**What needs to be done**:
Note on the material below: return exactly the lines from the line that holds "PEOPLE - Dakota" through the line that holds "ZARA Wide Leg, Raw", and leave out each picture.

**Working data**:
↓↓↓

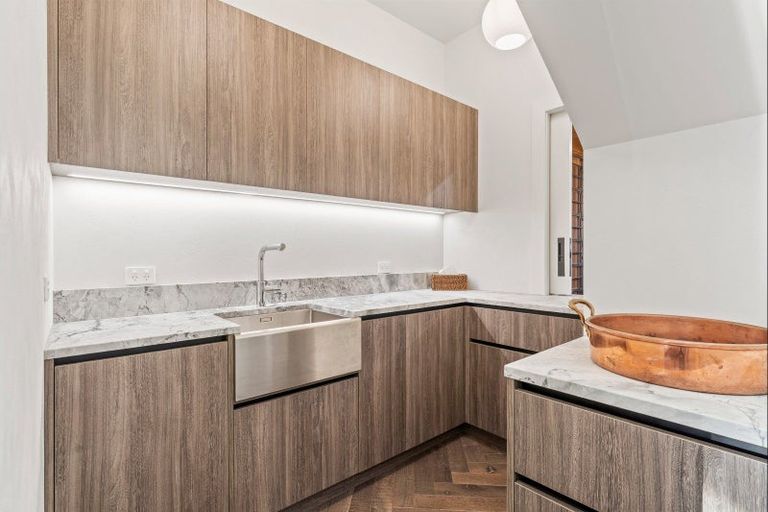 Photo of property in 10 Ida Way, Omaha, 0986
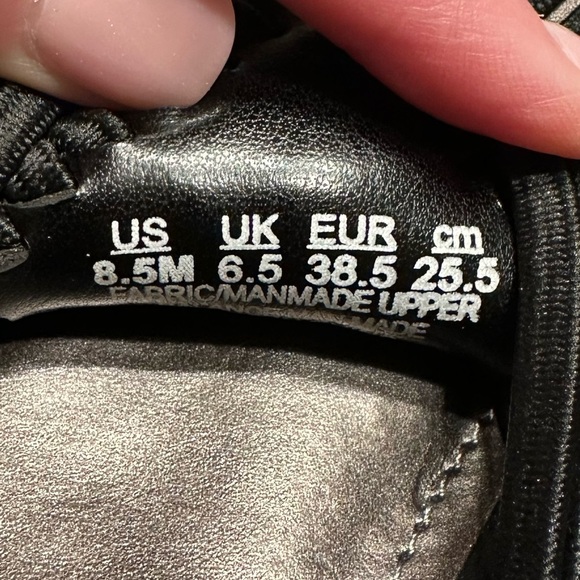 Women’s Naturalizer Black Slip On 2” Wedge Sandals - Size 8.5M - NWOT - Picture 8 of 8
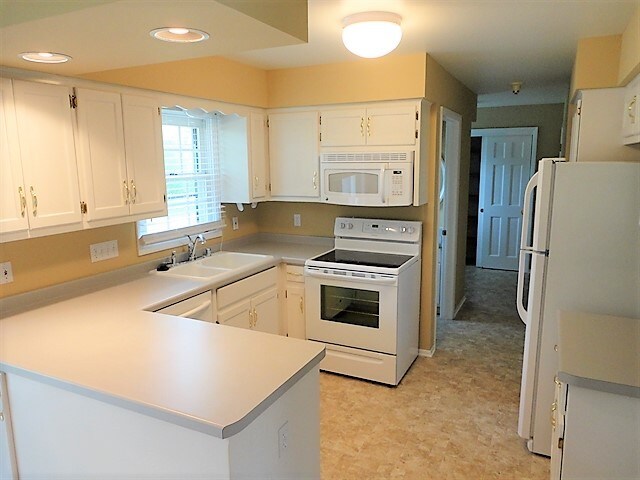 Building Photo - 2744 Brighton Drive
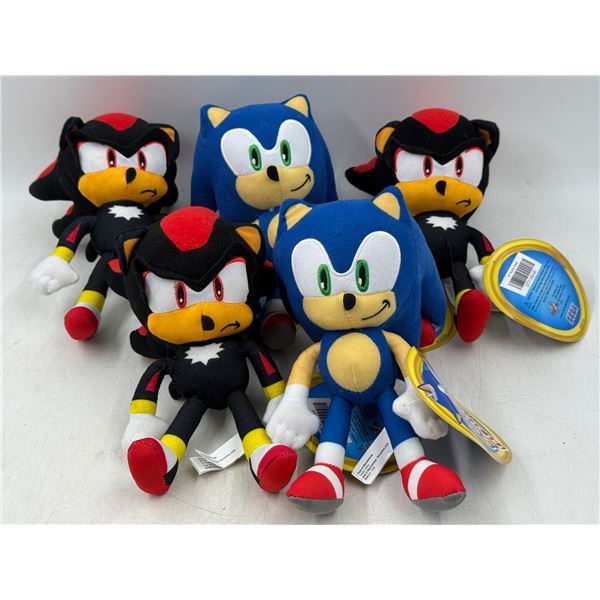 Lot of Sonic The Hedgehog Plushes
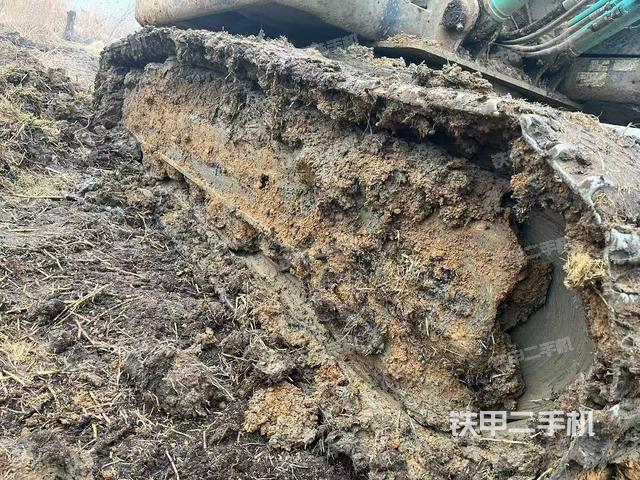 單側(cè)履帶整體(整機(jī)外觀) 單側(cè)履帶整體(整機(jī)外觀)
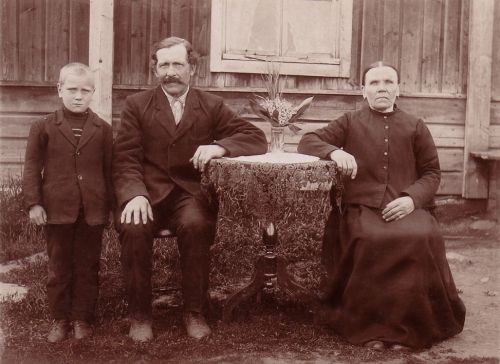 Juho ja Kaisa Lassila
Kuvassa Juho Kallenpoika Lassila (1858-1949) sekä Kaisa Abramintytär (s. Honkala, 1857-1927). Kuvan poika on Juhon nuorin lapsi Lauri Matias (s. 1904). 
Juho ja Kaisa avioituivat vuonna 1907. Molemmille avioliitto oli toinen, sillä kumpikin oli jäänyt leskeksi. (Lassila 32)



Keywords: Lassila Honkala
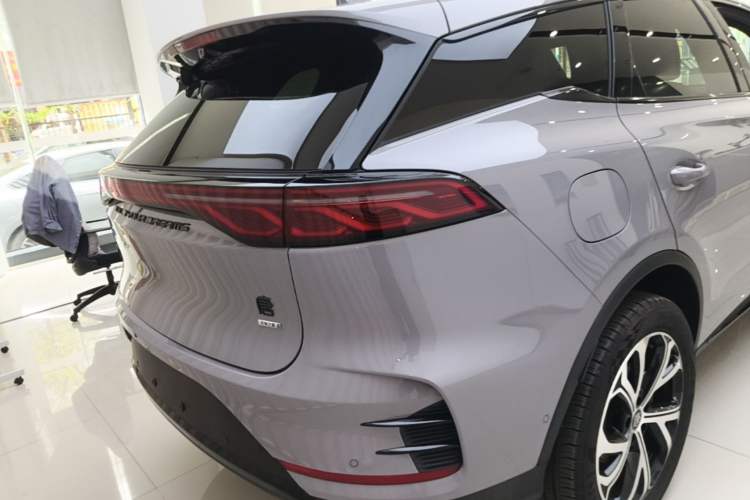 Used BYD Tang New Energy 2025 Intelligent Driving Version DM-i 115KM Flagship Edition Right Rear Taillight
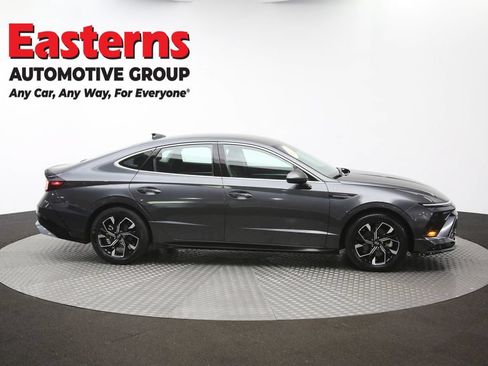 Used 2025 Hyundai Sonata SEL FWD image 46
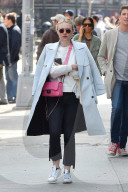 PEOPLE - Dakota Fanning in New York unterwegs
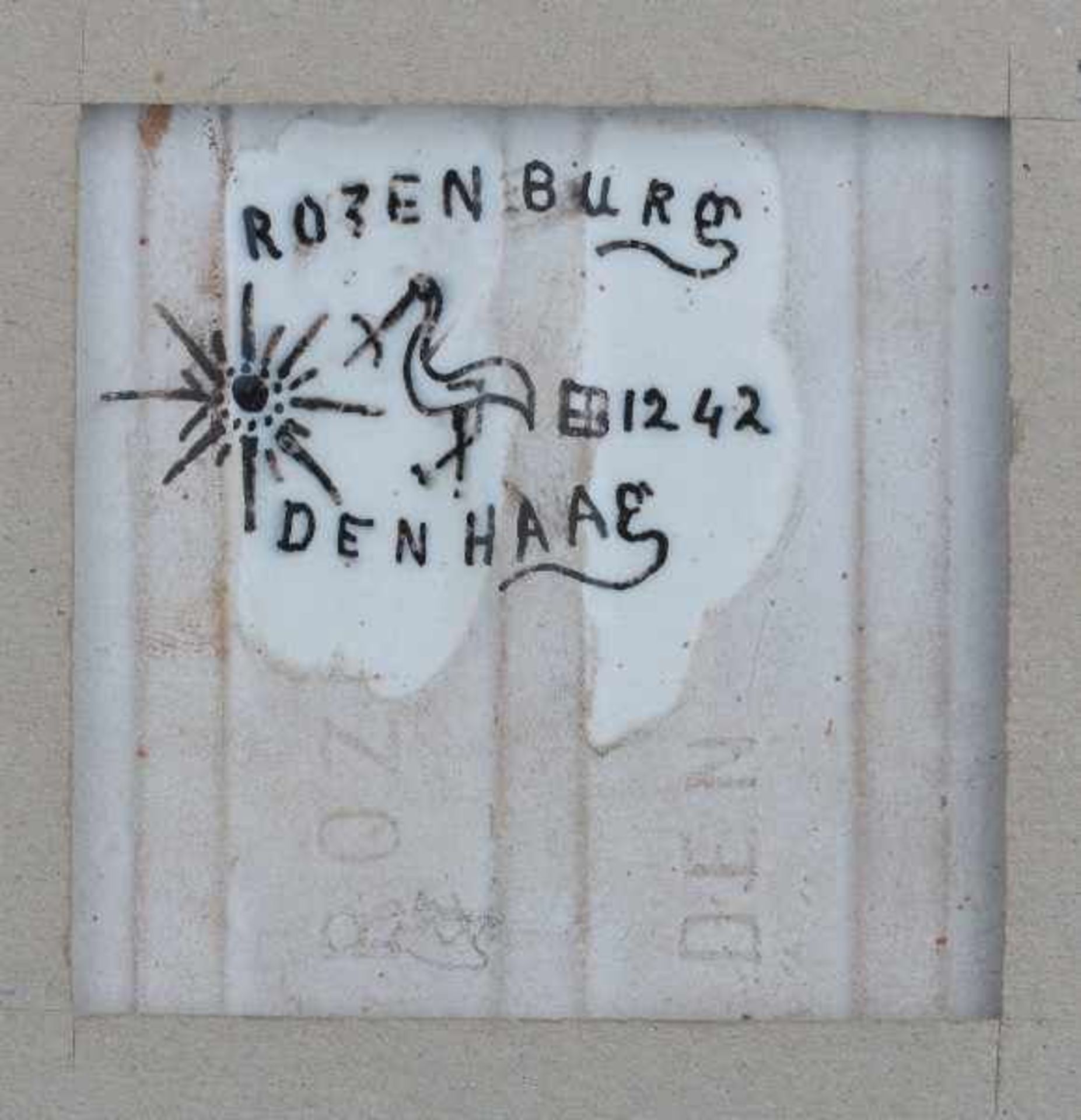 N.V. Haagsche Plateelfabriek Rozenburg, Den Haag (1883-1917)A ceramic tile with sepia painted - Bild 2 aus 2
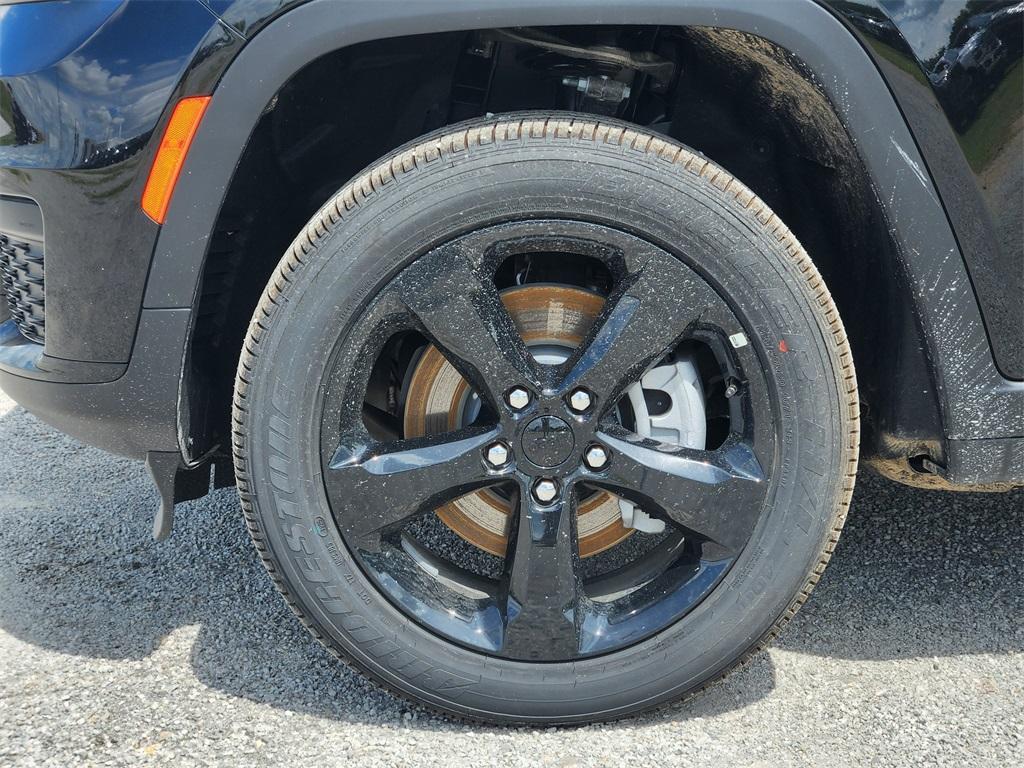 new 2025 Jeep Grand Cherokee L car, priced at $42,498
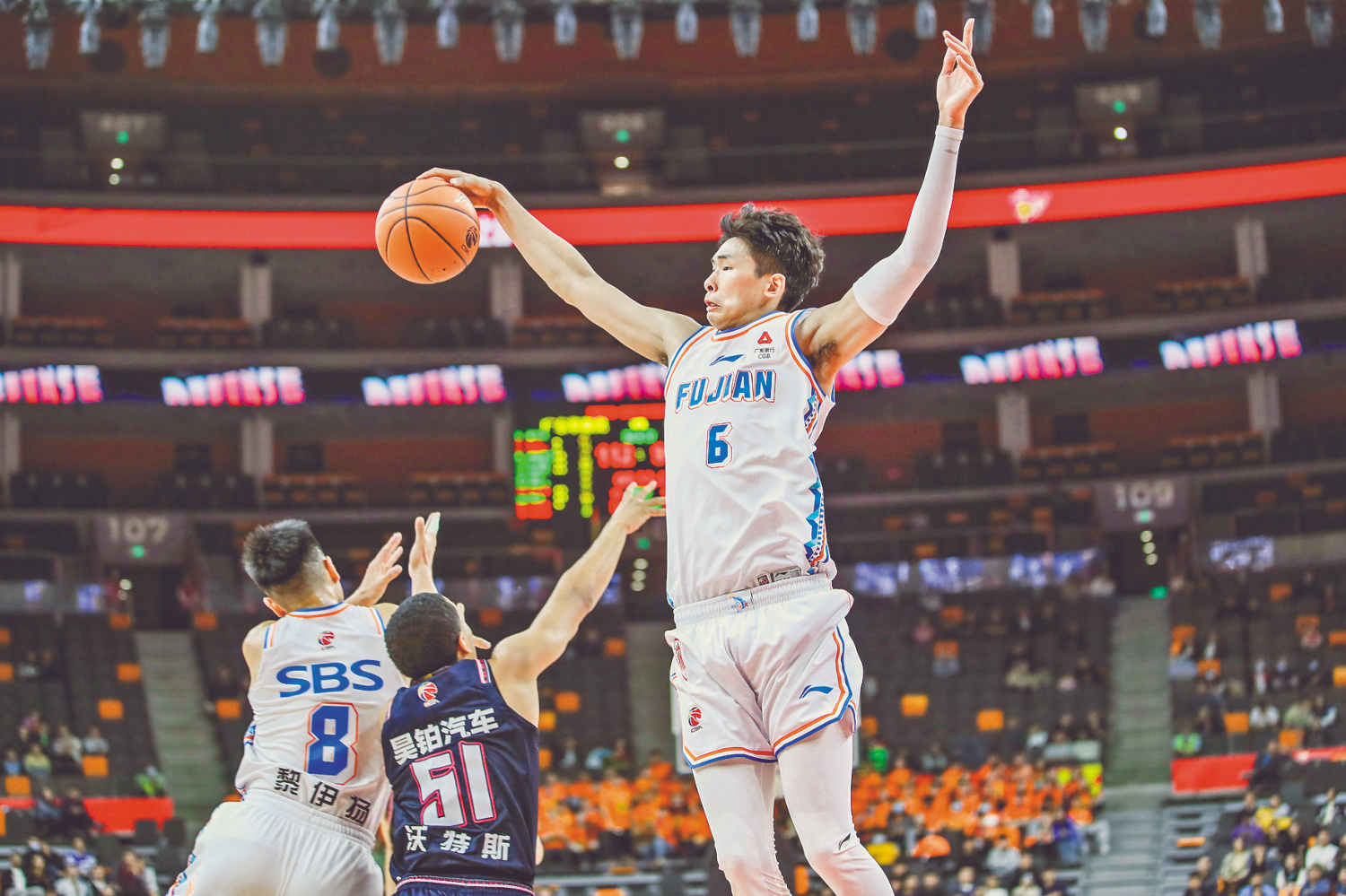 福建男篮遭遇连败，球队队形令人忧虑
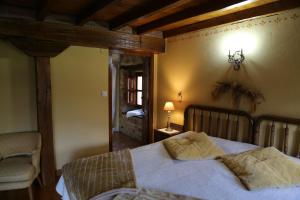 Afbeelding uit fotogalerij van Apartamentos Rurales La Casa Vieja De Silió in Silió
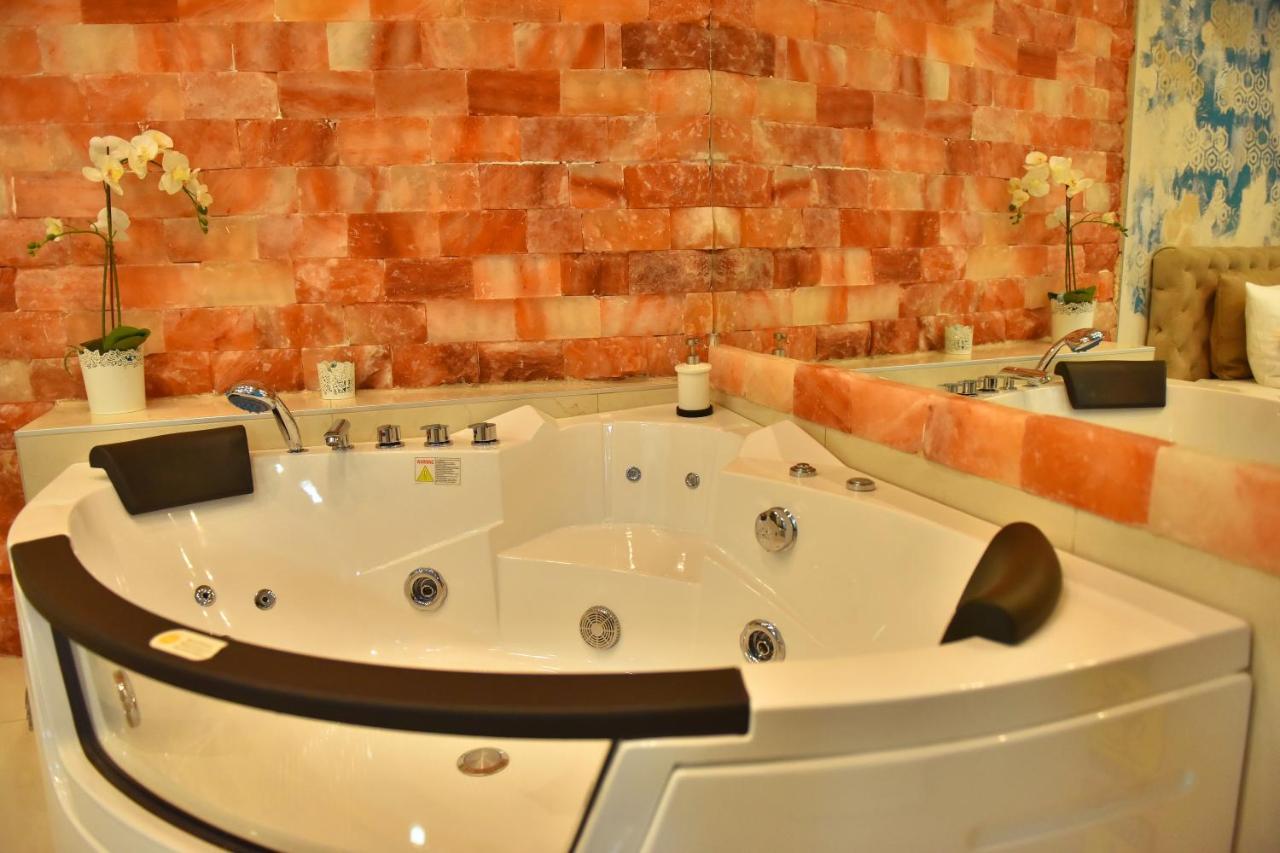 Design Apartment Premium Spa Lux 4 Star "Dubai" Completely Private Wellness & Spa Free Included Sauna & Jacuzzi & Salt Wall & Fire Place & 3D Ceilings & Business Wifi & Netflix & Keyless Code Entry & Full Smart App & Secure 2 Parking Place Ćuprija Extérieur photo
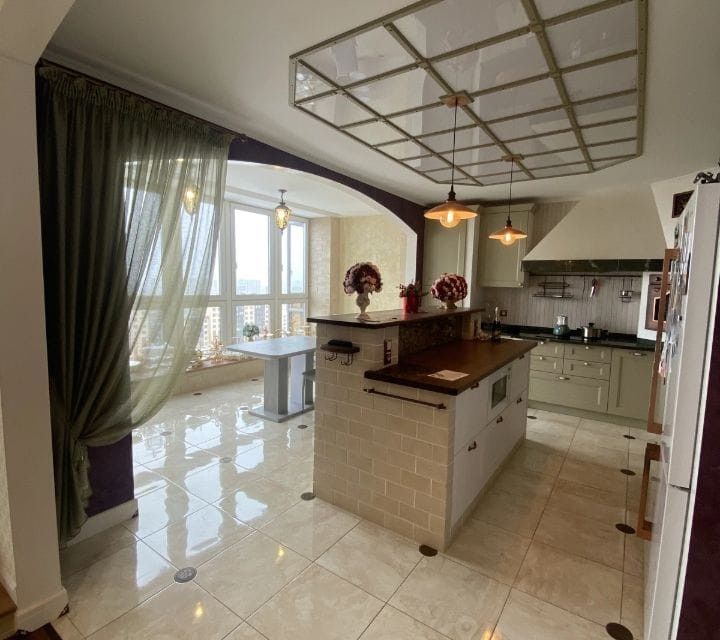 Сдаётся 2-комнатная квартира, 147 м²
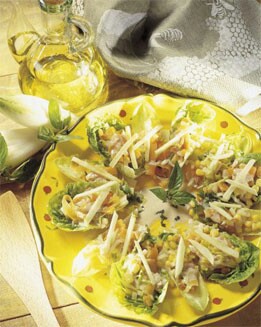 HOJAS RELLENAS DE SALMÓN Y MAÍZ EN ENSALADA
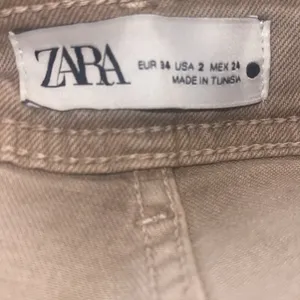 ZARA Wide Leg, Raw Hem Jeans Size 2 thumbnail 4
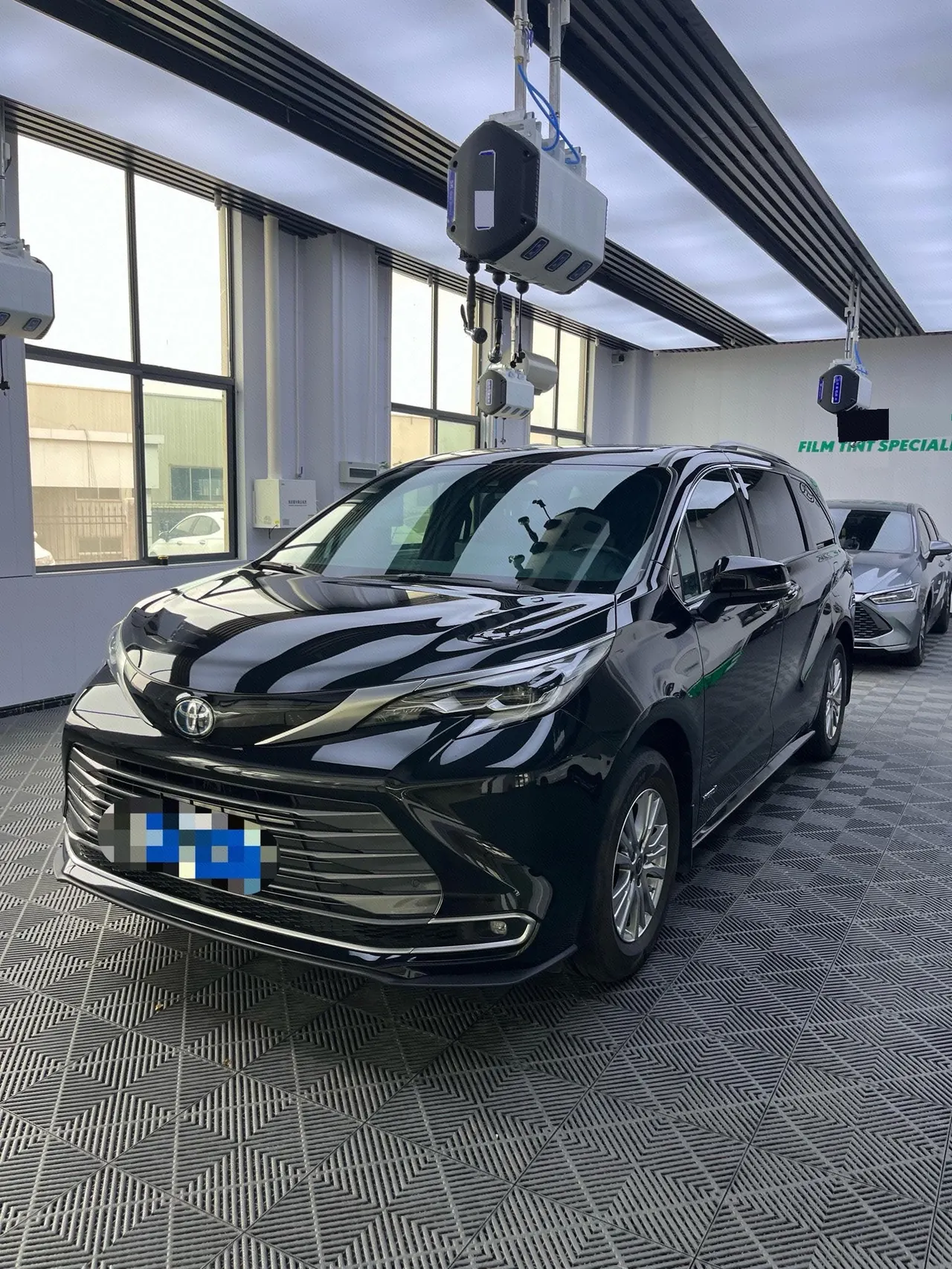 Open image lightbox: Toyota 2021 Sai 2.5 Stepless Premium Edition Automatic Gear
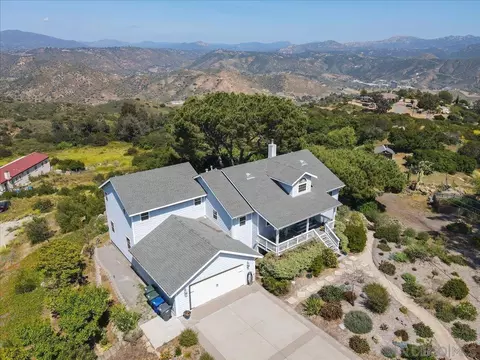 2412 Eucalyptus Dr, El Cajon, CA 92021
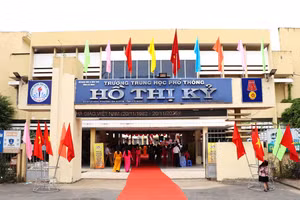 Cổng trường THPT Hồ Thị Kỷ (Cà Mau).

↑↑↑

**Problem solution**:
 PEOPLE - Dakota Fanning in New York unterwegs
 N.V. Haagsche Plateelfabriek Rozenburg, Den Haag (1883-1917)A ceramic tile with sepia painted - Bild 2 aus 2
 new 2025 Jeep Grand Cherokee L car, priced at $42,498
 福建男篮遭遇连败，球队队形令人忧虑
 Afbeelding uit fotogalerij van Apartamentos Rurales La Casa Vieja De Silió in Silió
 Design Apartment Premium Spa Lux 4 Star "Dubai" Completely Private Wellness & Spa Free Included Sauna & Jacuzzi & Salt Wall & Fire Place & 3D Ceilings & Business Wifi & Netflix & Keyless Code Entry & Full Smart App & Secure 2 Parking Place Ćuprija Extérieur photo
 Сдаётся 2-комнатная квартира, 147 м²
 HOJAS RELLENAS DE SALMÓN Y MAÍZ EN ENSALADA
 ZARA Wide Leg, Raw Hem Jeans Size 2 thumbnail 4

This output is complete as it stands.